PROBLEM TO WORK ON: Pictures stay out of the copy. Retype exactly the lines below from the one with "Garmin Forerunner 570" through the one with "ფიტნეს როლერი 33".

TASK INPUT:
* * * *
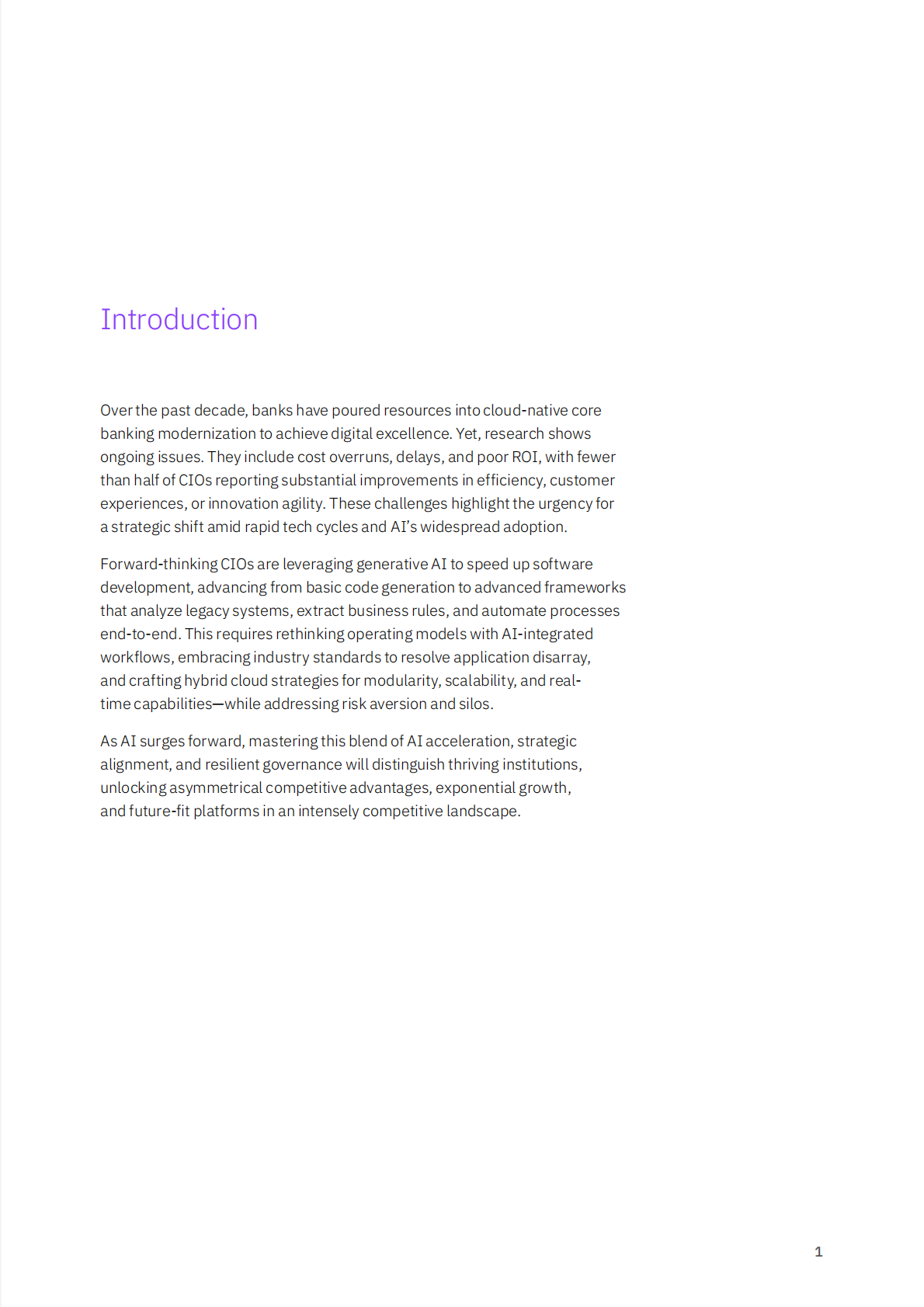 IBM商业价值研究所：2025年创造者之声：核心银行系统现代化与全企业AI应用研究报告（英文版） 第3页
* * * *
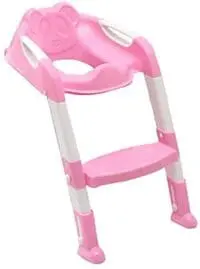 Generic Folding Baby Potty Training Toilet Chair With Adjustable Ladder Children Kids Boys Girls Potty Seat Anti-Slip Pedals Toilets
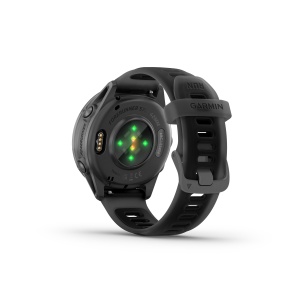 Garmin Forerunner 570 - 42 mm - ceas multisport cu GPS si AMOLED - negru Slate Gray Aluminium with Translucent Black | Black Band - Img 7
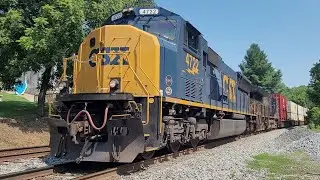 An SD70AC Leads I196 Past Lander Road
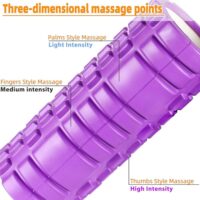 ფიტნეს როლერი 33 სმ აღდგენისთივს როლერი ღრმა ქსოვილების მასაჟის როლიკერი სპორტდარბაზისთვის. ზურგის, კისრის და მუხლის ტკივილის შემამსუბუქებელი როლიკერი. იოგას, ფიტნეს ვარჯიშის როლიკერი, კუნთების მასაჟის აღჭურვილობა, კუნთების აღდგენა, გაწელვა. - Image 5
* * * *
WRITTEN ANSWER:
 Garmin Forerunner 570 - 42 mm - ceas multisport cu GPS si AMOLED - negru Slate Gray Aluminium with Translucent Black | Black Band - Img 7
 An SD70AC Leads I196 Past Lander Road
 ფიტნეს როლერი 33 სმ აღდგენისთივს როლერი ღრმა ქსოვილების მასაჟის როლიკერი სპორტდარბაზისთვის. ზურგის, კისრის და მუხლის ტკივილის შემამსუბუქებელი როლიკერი. იოგას, ფიტნეს ვარჯიშის როლიკერი, კუნთების მასაჟის აღჭურვილობა, კუნთების აღდგენა, გაწელვა. - Image 5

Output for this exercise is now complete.